Since the drafting of Van Jones to the Obama administration, people have wondered what exactly his job will be and what it will mean for the future of green jobs. Jones is a rising star among environmental activists, author of The Green Collar Economy and had been CEO of green jobs activist group Green For All until his government appointment caused him to step down.
From a Greenwire interview with Van Jones:
E&E: Do you consider yourself Obama's "green-jobs czar," as some have dubbed you?
Jones: No, I'm the green-jobs handyman. I'm there to serve. I'm there to help as a leader in the field of green jobs, which is a new field. I'm happy to come and serve and be helpful, but there's no such thing as a green-jobs "czar."
E&E: A Rutgers University report published today suggests that most green job openings will not be new occupations, but rather traditional occupations with a new layer of "green" skills and credentials. For example, laborers and building contractors who need specialized training and certification to perform home weatherization audits. Do you agree?
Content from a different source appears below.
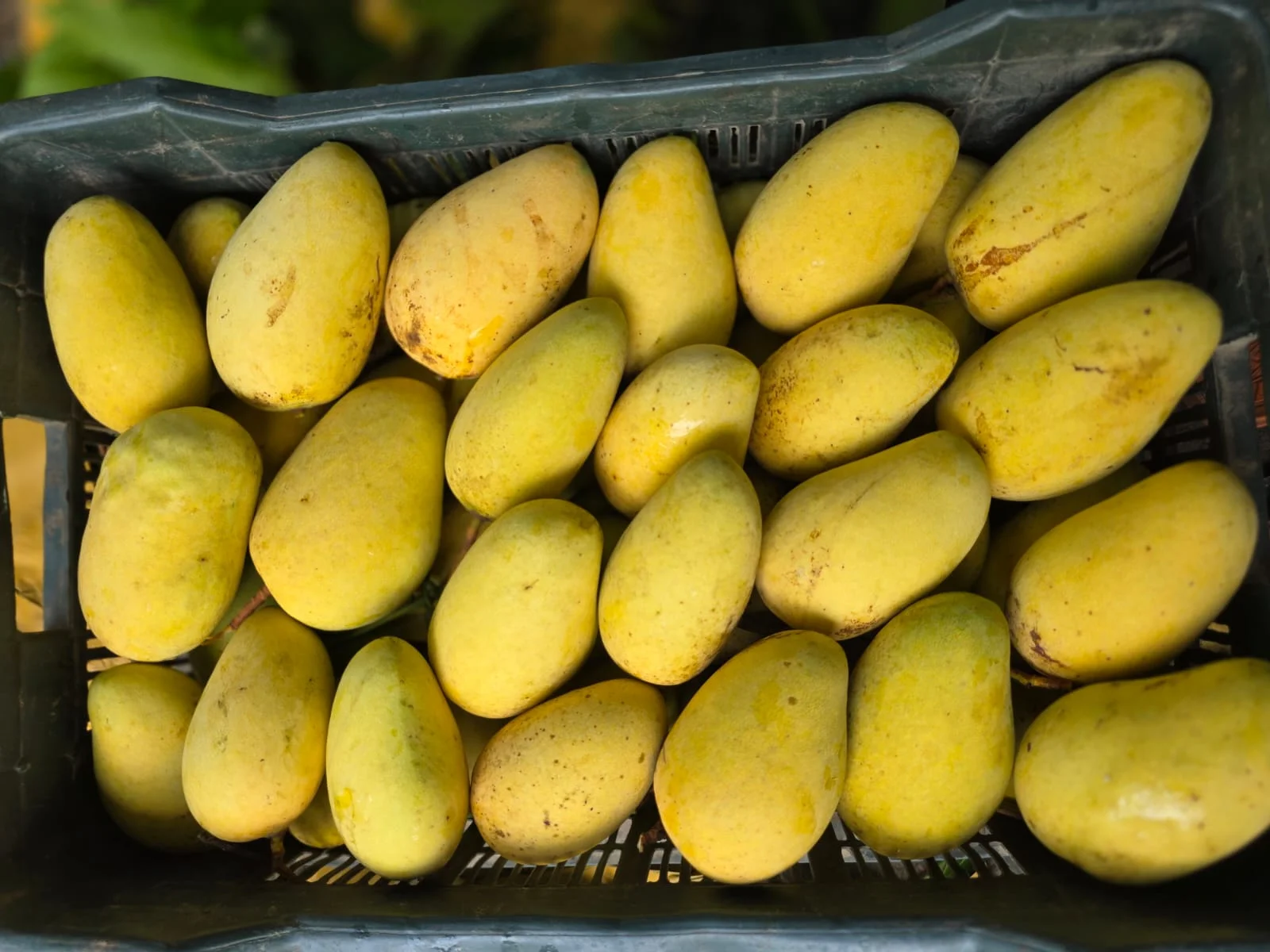 বারোমাসি সুইট কাটিমণ আম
Jones: Yes. That's one of the exciting things about this. Sometimes people think we're talking about some exotic occupation from Mars that nobody's ever heard of. That we're talking about George Jetson or Buck Rogers when we're thinking about green jobs. We're not talking about solar ray-guns; we're talking about caulking guns as one of the major tools we're going to need to be smarter with energy. Those are jobs our existing work force, with a little training, can start doing right away.
Some bloggers privately wonder if it's the best move for Jones -- or for the green jobs effort. The thinking: He seemed to be doing well where he was. Why put him behind a government desk? What happens to the momentum he had built up? Jones gives his answers to those questions in this YES! Magazine interview:
Doug: What happens to Green for All while you're in DC?
Van: That's the best news of all, that we have an extraordinary leader in Phaedra Ellis-Lamkins, who's coming on board. Anybody in California knows that she is a true wunderkind. She has been a phenomenal leader of the progressive labor movement, she's African-American, she's young -- in her early thirties. You just could not dream up a better person to come into Green for All at this time.
Doug: The last time YES! readers heard from you was in an interview right after the election. In that interview you said that you had no intention of going to work for the Obama administration. What changed your mind?
Van: Not only did I say I had no intention of going, when they asked the question, I burst out laughing because at the time it seemed completely ludicrous that it would even be an option. I think what changed my mind was interacting with the administration during the transition process and during the whole process of getting the recovery package pulled together. I began to see that there was an important role at the table, inside the process, to do make sure all the great things the president wants to do can get done well.
Doug: While you're in DC, what can folks who have been following Green for All and working with you or on your initiatives, what can folks do to keep the movement going?
Van: Continue doing the things we have planned. We're working to implement the green recovery in a just way. We need to get those recovery dollars out fast and fair. Anybody who's interested can got to the website greenforall.org and you'll see lots of opportunities to get involved and also lots of information about how to get those recovery dollars working in your own community. And that's going to be an important part of what Green for All does going forward. To tell you the truth, I think in that start-up phase the early phase, visioning and initiating, I think I did an extraordinary job. We are in a different world, and Green for All needs a different leader. And it has that leader in Phaedra Ellis-Lamkins.
But it's the end of this guest post on Grist that may most accurately describe what Jones' real job is (emphasis mine):
This week, President Obama defied those stereotypes by appointing Van Jones as his green jobs guru, tasked to simultaneously increase environmental protection and economic stimulus. I have hope that he can not only rise to the task but also tie together environment and economy in a way that we can all better understand.
That fits with what seems to be an Obama signature move. He wants to help the country understand its myriad crises. Forgiving him for a moment for not making the economic crisis crystal clear just yet -- it's possible that the closest we'll come is that most of the United States wasn't engaged until two entertainers discussed it last week -- remember that Obama flirted with the idea of appointing a television personality to the surgeon general spot.
Having people who can explain these murky waters in sound bites and confidently -- charismatically -- point toward the future seems to be important to the president. Is it better than surrounding oneself with wonks whose only passion is policy? Probably not. And that's why neither the administration nor Jones wants to let anyone call the new appointee a "czar."